Mistrzowie Polski przygotowania do nadchodzącego sezonu rozpoczęli 17 sierpnia. Od pierwszych dni ze Stelmetem BC Zielona Góra trenuje Thomas Kelati. - Jestem naprawdę podekscytowany z bycia częścią zielonogórskiej drużyny. Jestem pod wrażeniem pięknej hali i zaplecza. Mamy do dyspozycji wszystko, co potrzebne. Już wcześniej wiedziałem sporo o sztabie szkoleniowym i medycznym. To będzie fajna współpraca - przyznał Amerykanin z polskim paszportem.
34-latek przy podpisywaniu kontraktu zrobił rozeznanie o sytuacji w Zielonej Górze. - Rozmawiałem z Saso Filipovskim i Łukaszem Koszarkiem. Znam ich i im ufam. Zawsze, gdy człowiek znajduje się w nowej sytuacji, dobrze jest się dowiedzieć czegoś o nowym miejscu od ludzi, którzy już je znają. Jestem zadowolony ze współpracy z kolegami z zespołu i sztabem szkoleniowym - zdradził.

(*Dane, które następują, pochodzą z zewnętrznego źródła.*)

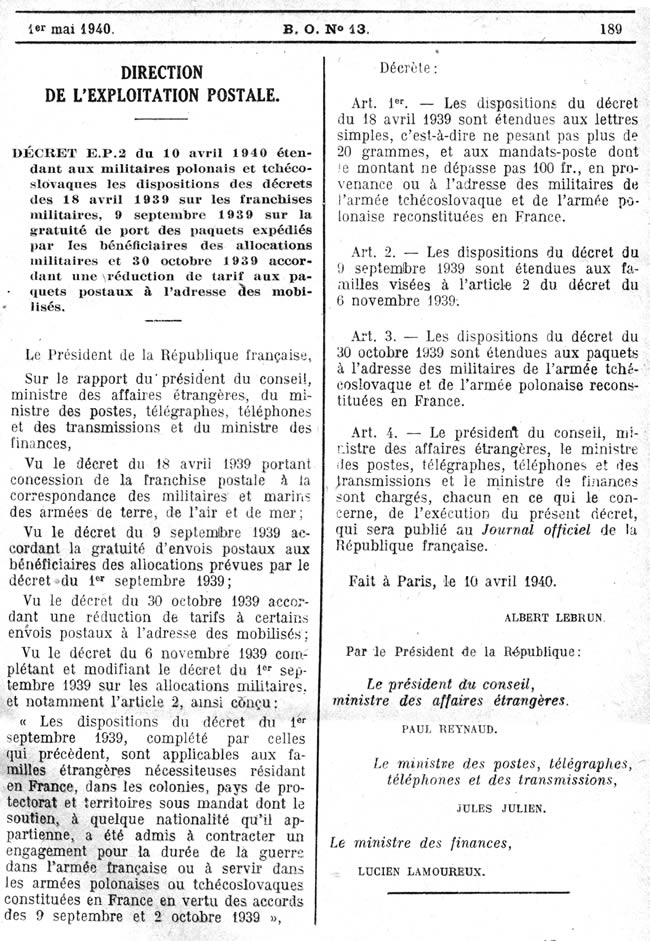 Franchise militaires des combattants Polonais et Tchèques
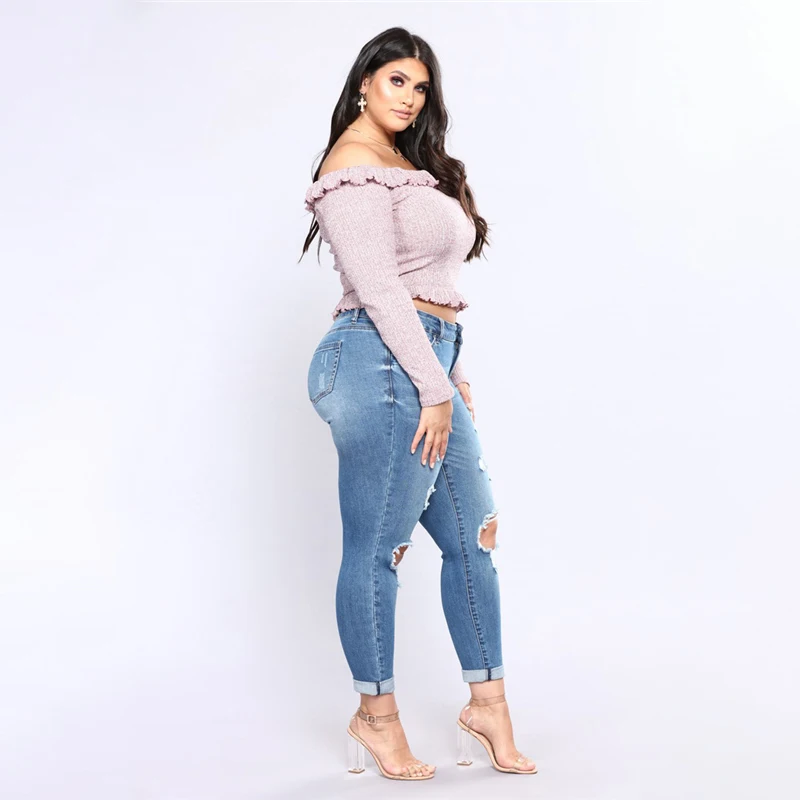 Лидер продаж модные женские джинсы новые средней талии с дырками длинные узкие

Drużyna prowadzona przez Artura Gronka trenuje w okrojonym składzie - brakuje bowiem reprezentantów Polski oraz Nemanji Djurisicia. - Za nami dopiero pierwszy tydzień treningów. Budujemy drużynę, wzajemnie się poznajemy, naprawdę ciężko pracujemy, by każdy się dobrze rozumiał. Staramy się stworzyć chemię w zespole - powiedział Kelati.
Jak wygląda sytuacja zdrowotna doświadczonego koszykarza? Podczas jednej z konferencji Jure Drakslar nie ukrywał, że Kelati ma problem z kolanami. Zawodnik trenuje już tak samo, jak pozostali koledzy w drużynie. - Sytuacja jest taka sama, jak zwykle. To będzie mój dwunasty sezon, mam już niemal 34 lata. Podczas okresu przygotowawczego są bardzo mocne treningi. Na sezon będę w pełni gotowy - wyjaśnił Amerykanin z polskim paszportem.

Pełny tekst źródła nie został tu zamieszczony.